As Oram put it, it will have a 3 fold negative affect.

1. By this action you are telling the Guardians of the fund to not find the best investments available, you must invest here, regardless if commodities, bonds, equities or whatever are all performing less than overseas investment choices. Automatically you are telling it not to do the best for the fund and ultimately all Kiwis.
2. It will over inflate the local economy investment landscape. It will force up prices and squeeze out smaller investors. Ultimately it could very well see a reduction in investment if it’s not affordable for the tens of thousands of small investors in NZ
3. Kiwisaver will become a political plaything once again, at the whim of every government following, leaving little stability (and markets love stability).

Now I’m pretty bloody left in my thinking, but not so ideologically stuck in dogma to see that if most right wing commentators and business groups think that two important economic packages announced this week by National are bad, where are they looking for their vote to come from?

A month ago I though this election was done and dusted, lets just get these buggers in and hope the damage isn’t bad. Now I have no idea. With polls showing a narrowing of opinion, National pissing off it’s natural political allies (ACT) and distancing itself from the only other possibility for minority government (Maori – he lied to Sharples and that’s about the dumbest thing you could do to him), who the hell do they think are going to vote for them and support them in government. What are the chances that United Future pics up 15-50% of vote – next to nothing.

I can understand so called lolly scramble bribes, but to actively piss off the natural support base of your party is just bewildering? This isn’t going to be the boring election I thought it would.

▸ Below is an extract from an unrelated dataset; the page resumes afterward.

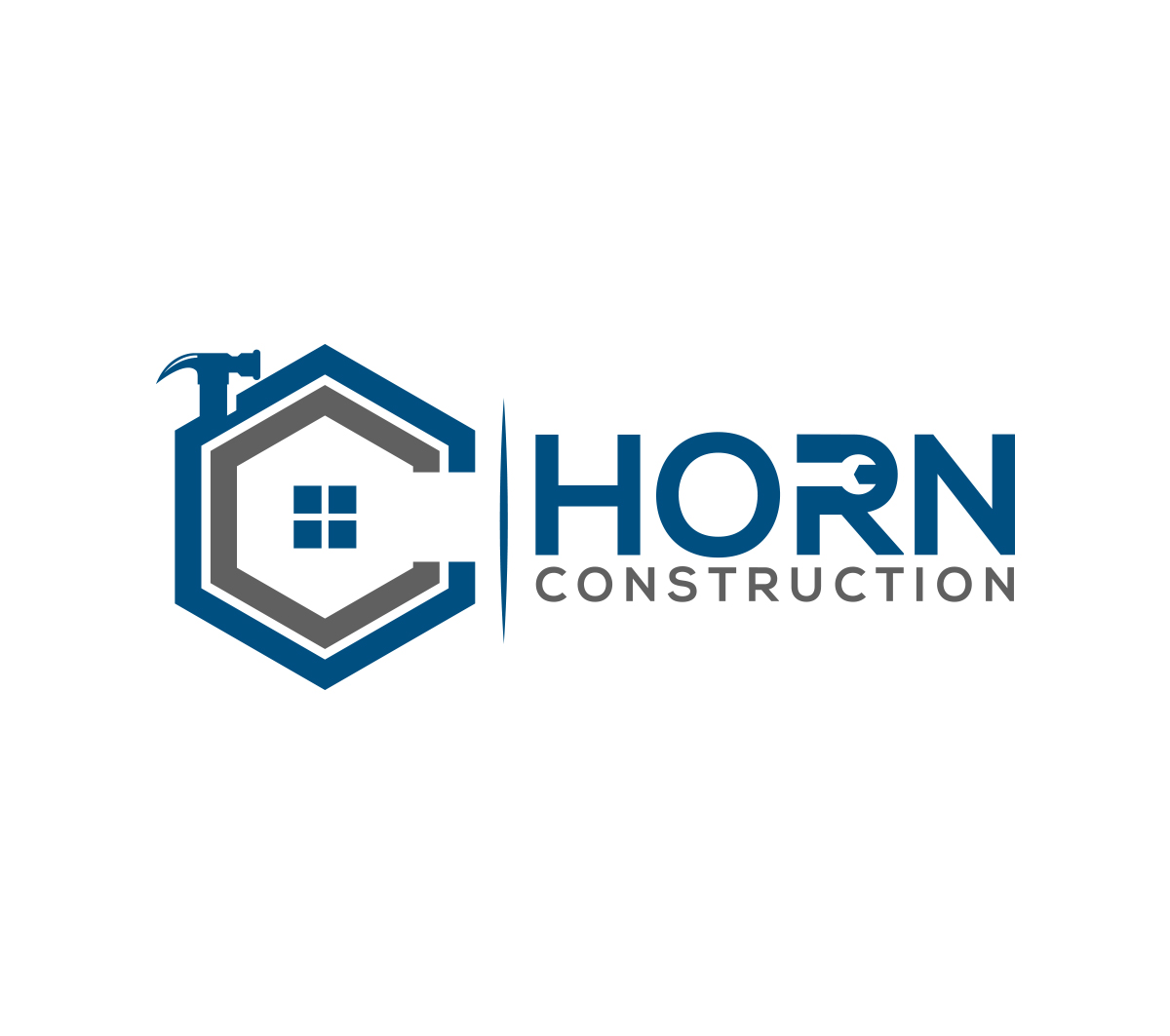 Logo Design by Imran_me for this project | Design #29384129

Since this had all blown up, Key fronted up on Sunrise TV, the TV3 breakfast show to explain the policy position.

Some points:

‘National wants New Zealand to be a high growth country’, and as thus will be a place that the fund could invest with maximised returns. Excuse my champagne socialism (and a huge ounce of naivety), could someone please explain the implications of this. Sure higher growth must be a goal, but is this inflationary? Do all sectors of the economy grow, is this an export lead growth or are there several fronts. How long and fast will we need to grow to make this place an attractive prospect for the fund managers (I’m guessing it’s a lot longer than 3 years that this political hot potato has now become). What are we going to export that we aren’t already exporting to facilitate this growth. We are a bloody good primary producer, but we are sod all able to call on extraction industries which are even higher yielding. And as illustrated recently, some of our export commodities can be very exposed to overseas troubles as in the wood processing industry which has been hit on several fronts including the downturn in both the local and US building industry – you don’t just over night get another industry to fill the void.

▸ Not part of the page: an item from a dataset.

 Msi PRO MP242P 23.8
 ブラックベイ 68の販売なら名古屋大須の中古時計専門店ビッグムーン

Key’s also guessing that it’s recently lost a lot more money than the recent $800m it lost in it’s last report. But Key reckons that’s because the stock market crashes. Surely this fund isn’t massively invested in stock equities, that would make it too vunerable? The fund must have commodities, bonds (not that they are any more appealing considering most banks are government secured bonds), and other capital assets?

Is Fonterra ever likely to float – that would require massive restructuring of what is still essentially a co-op wouldn’t it?

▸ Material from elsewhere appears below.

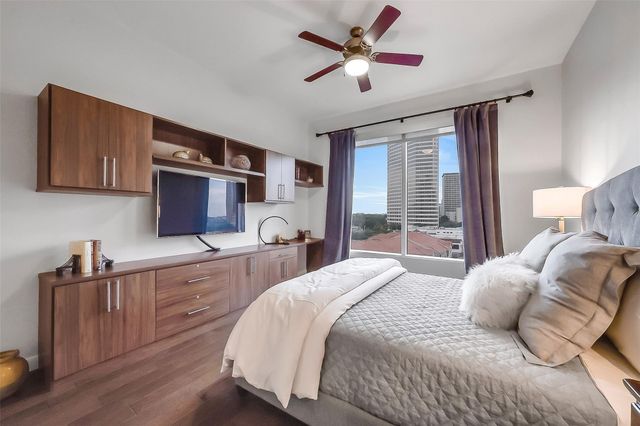 3333 Allen Parkway 710, Houston, TX 77019
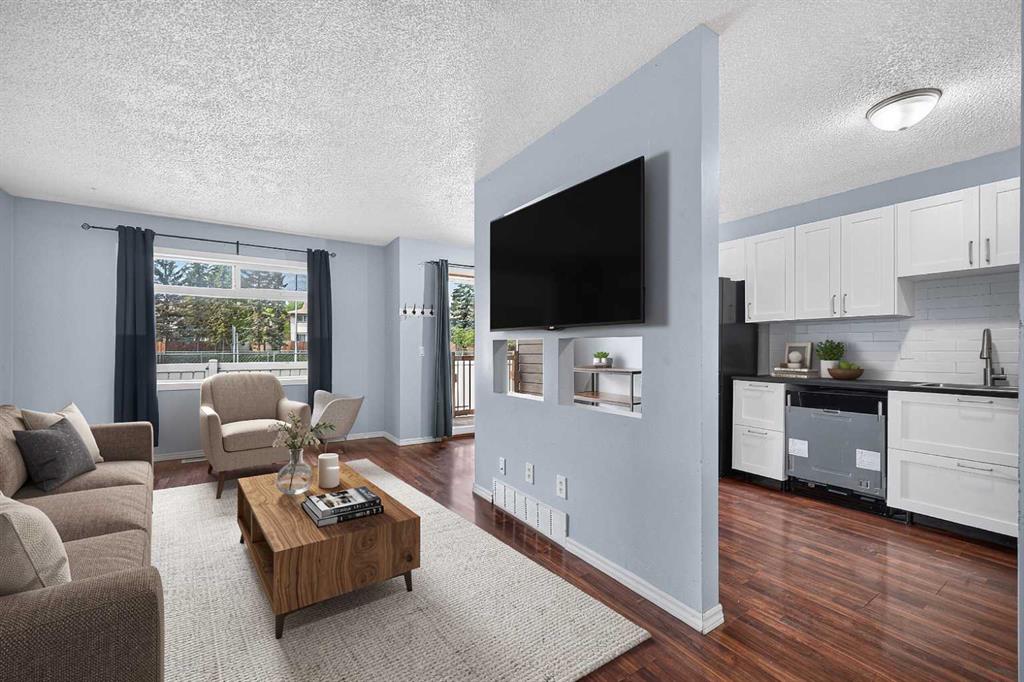 Picture for 12, 14736 Deerfield Drive SE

Sorry Mr Key, but a toll road in Auckland is not going to see any significant productivity gains. Auckland needs more roads like a hole in the head, and yes that is an ideological position, but one that has been reinforced by playing on some of the worlds best public transport systems.

Full video here and hat tip to The Standard.



Filed under economics, Policy, Politics

2 responses to “It is Key’s to loose… {Updted}

  1. I think you will find that Rod Oram is a pinko commie. Everyone who doubts National’s commitments and has numbers to support his argument is a pinko commie.

  2. That’s funny.

    Infometrics is a pinko commie institution, and Bernard Hickey’s a stark raving commie.